Fixed Budget Hybrid CNN Accelerator
FiBHA is an accelerator that belongs to the intersection of categories (2) and (4), it is a per-application, statically configured, and co-design driven accelerator.
Seeking the “sweet spot” in the accuracy-efficiency trade-off increases the heterogeneity of state-of-the-art Convolutional Neural Networks (CNNs). Such CNN models exhibit heterogeneity at two levels: intra- and inter-layer-type. Generic accelerators do not capture these levels of heterogeneity. Consequently, researchers have proposed model-specific accelerators with dedicated modules or engines. The proposed accelerators belong to two categories at the two ends of the design spectrum. In the first category, the accelerators contain a minimal number of dedicated engines such that all the layers of one type (e.g. depthwise convolutions) are handled by one engine. In the second, they have one dedicated engine per layer. While the first category addresses the inter-layer-type heterogeneity, it cannot capture the heterogeneity among layers of the same type. The second category is resource-demanding. In this paper, we propose a hybrid architecture that combines design concepts from both categories in a way that captures more heterogeneity than the first category and is more resource-efficient than the second. To derive a hybrid accelerator given a fixed resource budget, we propose a heuristic that splits the CNN and the available resources between the components of the hybrid architecture. The proposed architecture is implemented and evaluated using high-level synthesis (HLS) on an FPGA. For a fixed hardware budget, the hybrid accelerator achieves up to 1.7x and 4.1x of the throughput of state-of-the-art accelerators of the two categories.

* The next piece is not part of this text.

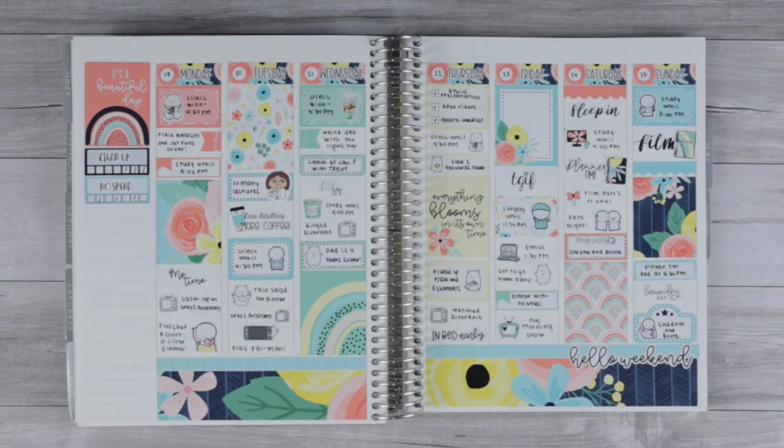Here is the finished spread. I love how this spread turned out so much — I love the rainbows, I love this blue and green. Blue and green are my all-time favorite colors, so I was so excited to use this kit and I really love how this week turned out. Thank you so much for watching. Be sure to like and subscribe down below, and I'll see you in my next video. Bye everyone!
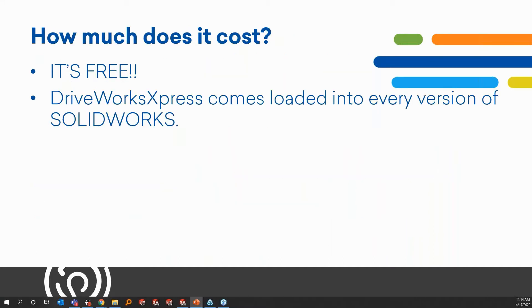Everyone wants to know how much it costs. It's free. DriveWorks and SolidWorks together are offering this up so you can make the most of it and start making a difference in your workplace. You may not even realize it, but when you purchased your SolidWorks license, you already received a free version of DriveWorks. DriveWorks Express comes with every single license — Standard, Professional, and Premium — whether you're on a network license or standalone.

The publication is part of an initiative that seeks a more efficient acceleration of CNNs. The efficient acceleration of CNNs is an integral part of VEDLIoT vision of enabling a very-efficient Deep Learning throughout the IoT continuum.
Qararyah, Fareed, Muhammad Waqar Azhar, and Pedro Trancoso. “FiBHA: Fixed Budget Hybrid CNN Accelerator.” 2022 IEEE 34th International Symposium on Computer Architecture and High Performance Computing (SBAC-PAD). IEEE, 2022.